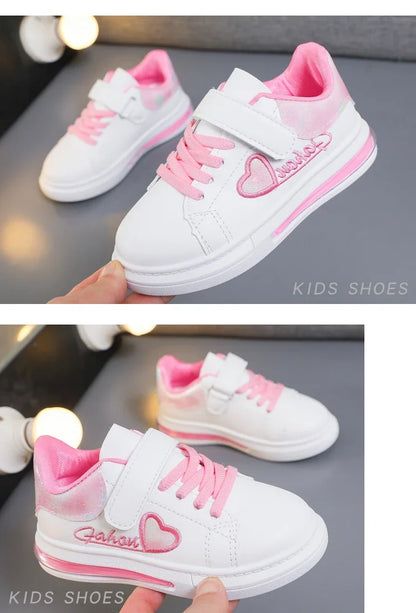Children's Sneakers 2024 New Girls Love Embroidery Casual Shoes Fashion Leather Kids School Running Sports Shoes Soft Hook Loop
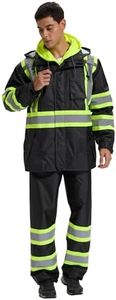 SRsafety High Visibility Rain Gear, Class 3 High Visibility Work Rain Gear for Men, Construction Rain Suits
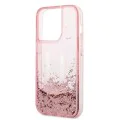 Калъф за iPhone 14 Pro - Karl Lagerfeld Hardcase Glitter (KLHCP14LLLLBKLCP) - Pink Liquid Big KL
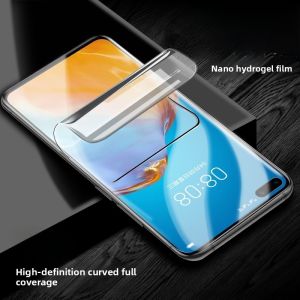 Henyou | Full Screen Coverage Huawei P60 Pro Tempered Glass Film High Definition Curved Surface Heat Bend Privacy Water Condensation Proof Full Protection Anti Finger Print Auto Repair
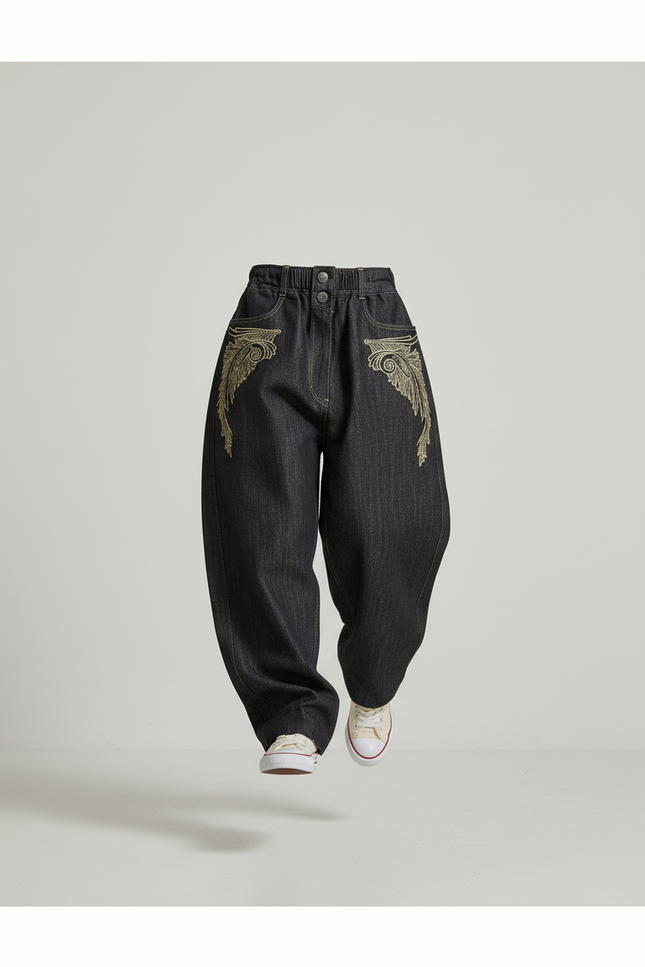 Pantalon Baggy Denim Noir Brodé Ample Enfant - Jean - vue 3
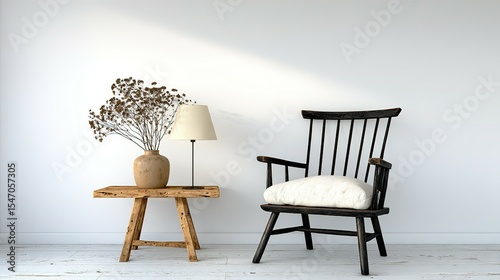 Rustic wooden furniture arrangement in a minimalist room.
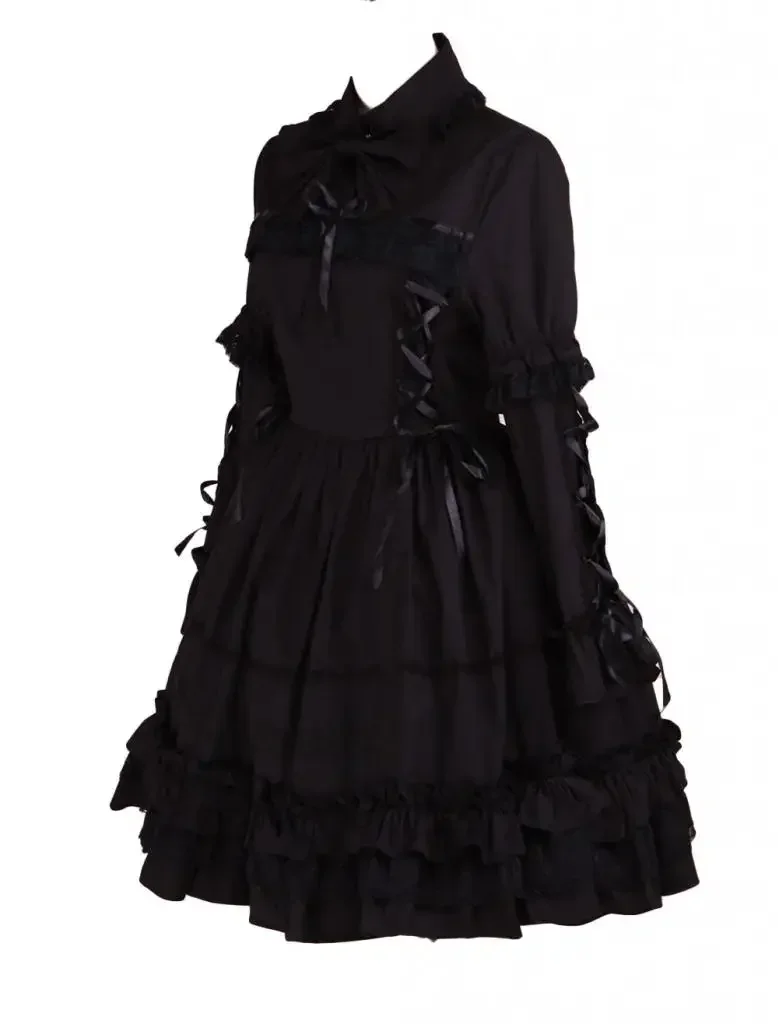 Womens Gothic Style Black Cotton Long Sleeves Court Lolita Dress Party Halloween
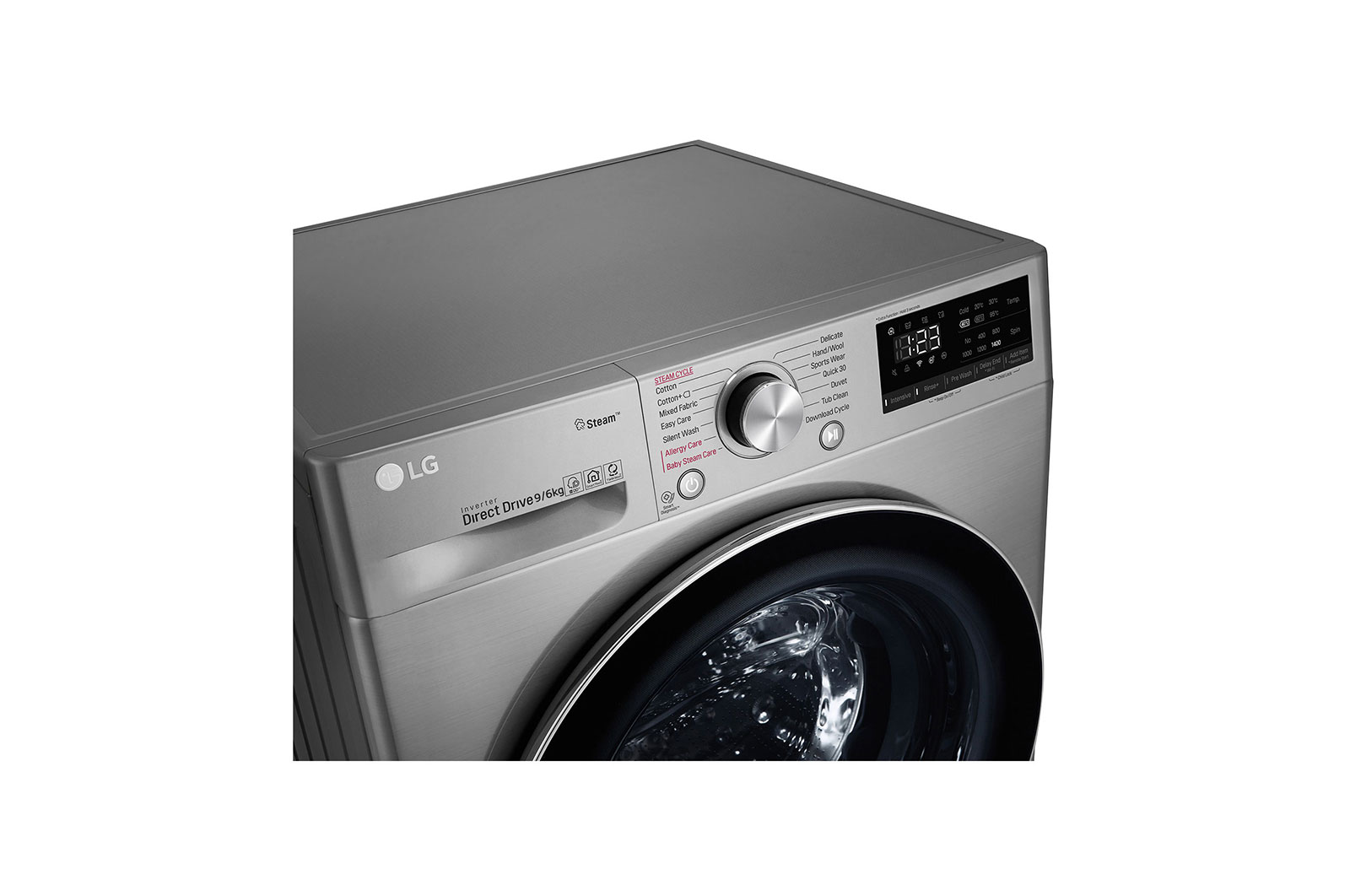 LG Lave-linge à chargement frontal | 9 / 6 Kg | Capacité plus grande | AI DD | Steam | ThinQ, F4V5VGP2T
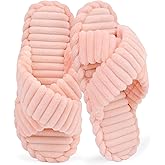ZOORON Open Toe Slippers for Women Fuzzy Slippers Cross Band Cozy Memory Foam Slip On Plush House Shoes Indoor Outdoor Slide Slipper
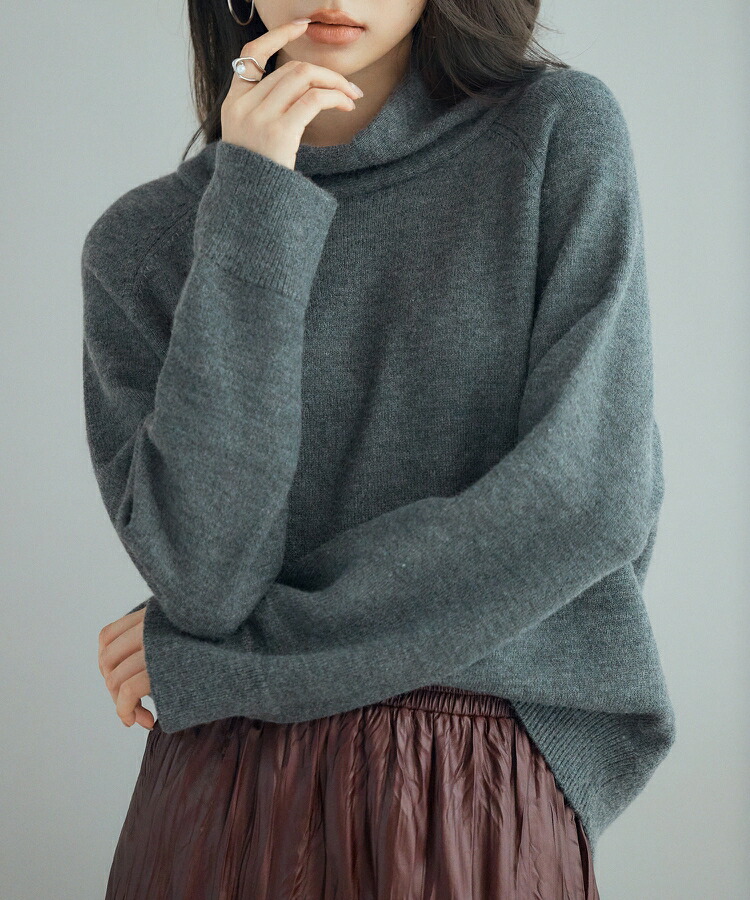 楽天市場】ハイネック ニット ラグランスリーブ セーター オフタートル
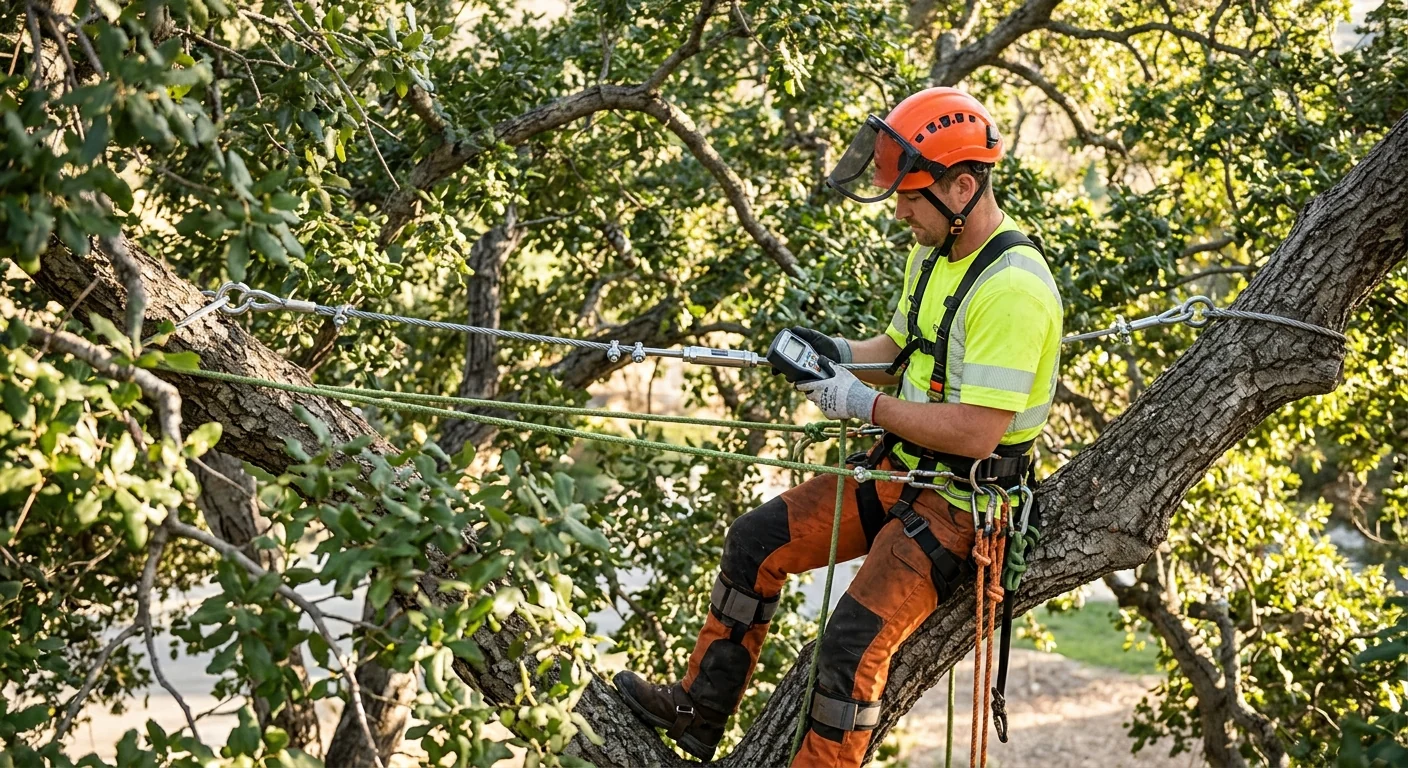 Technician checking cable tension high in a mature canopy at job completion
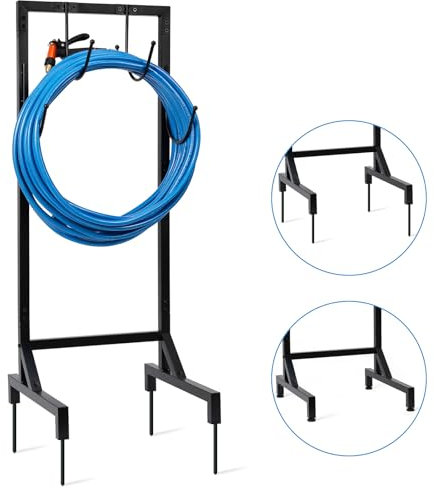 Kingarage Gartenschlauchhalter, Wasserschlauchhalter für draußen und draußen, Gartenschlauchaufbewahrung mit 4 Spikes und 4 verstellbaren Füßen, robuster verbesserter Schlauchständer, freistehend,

——————

**Problem requirements:**
Beginning at the line above that contains "Womens Gothic Style" and going on through the line that contains "Technician checking cable", please copy every line exactly, leaving the pictures out and adding nothing.

**Output below:**
 Womens Gothic Style Black Cotton Long Sleeves Court Lolita Dress Party Halloween
 LG Lave-linge à chargement frontal | 9 / 6 Kg | Capacité plus grande | AI DD | Steam | ThinQ, F4V5VGP2T
ZOORON Open Toe Slippers for Women Fuzzy Slippers Cross Band Cozy Memory Foam Slip On Plush House Shoes Indoor Outdoor Slide Slipper
 楽天市場】ハイネック ニット ラグランスリーブ セーター オフタートル
 Technician checking cable tension high in a mature canopy at job completion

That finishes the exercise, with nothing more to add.